HadCRUT3 Climate Change Map

July 30th 2016

Live Demo #

Click here to open demo fullscreen.

This is a visualization of the HadCRUT3 Global Temperature Record provided by the World Meteorological Organization. This visualization shows both monthly average temperatures and global temperature anomalies (differences from long term mean) from 1850-2010. More than 3000 land temperature stations are visualized.

The visualization is powered by Mapbox GL

Motivation #

A friend of mine started working at Mapbox recently and has been singing their praises. When I saw the HadCRUT3 data posted on Reddit(?) I thought it would be a great opportunity to experiment with the API. This was pretty fun to make and the visualization code (climate-sim.js) is heavily commented to explain how it works.

How it Works #

The raw temperature data is contained in climate-data.tar.gz and was downloaded from the UK Met Office. I wrote a simple python script to parse these files (parse.py), turning them into GeoJSON Feature Collections that could be uploaded to Mapbox Studio.

The parsing script generates 13 output files. Each output file contains all temperature data for a given month of the year, while one contains header information (name of station, elevation, country, etc).

I divided the data like this because placing all temperature data in one feature collection was too large for Mapbox Studio (and browsers) to display comfortably. Since we’re concerned with seeing data trends, segmenting the data by month makes sense as this shows change over time rather than seasonal variations.

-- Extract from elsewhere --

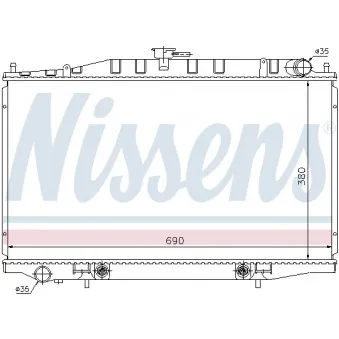 NISSENS 67355 - Radiateur, refroidissement du moteur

Within the GeoJSON collections, each station is represented by a point feature. It has properties numbered from 0 to 160, corresponding to obvserved temperature in 1850 until 2010. If a temperature observation is missing, the value is set to -99, so that the visualization code knows to disregard it.

Once the data was processed, I uploaded all files to Mapbox Studio and added them to a new style. Each file went on a different layer, which were placed below country labels / boundaries to prevent the visualization from obscuring the underlying map.

All layers were initially set to be invisible so that I could enable / disable them programmatically.

I then exported this style and used it as the basis of the Visualization. The nice thing about this is that I don’t have to add layers to the map manually–since they’re in the style they will be automatically loaded, though they will be invisible at first.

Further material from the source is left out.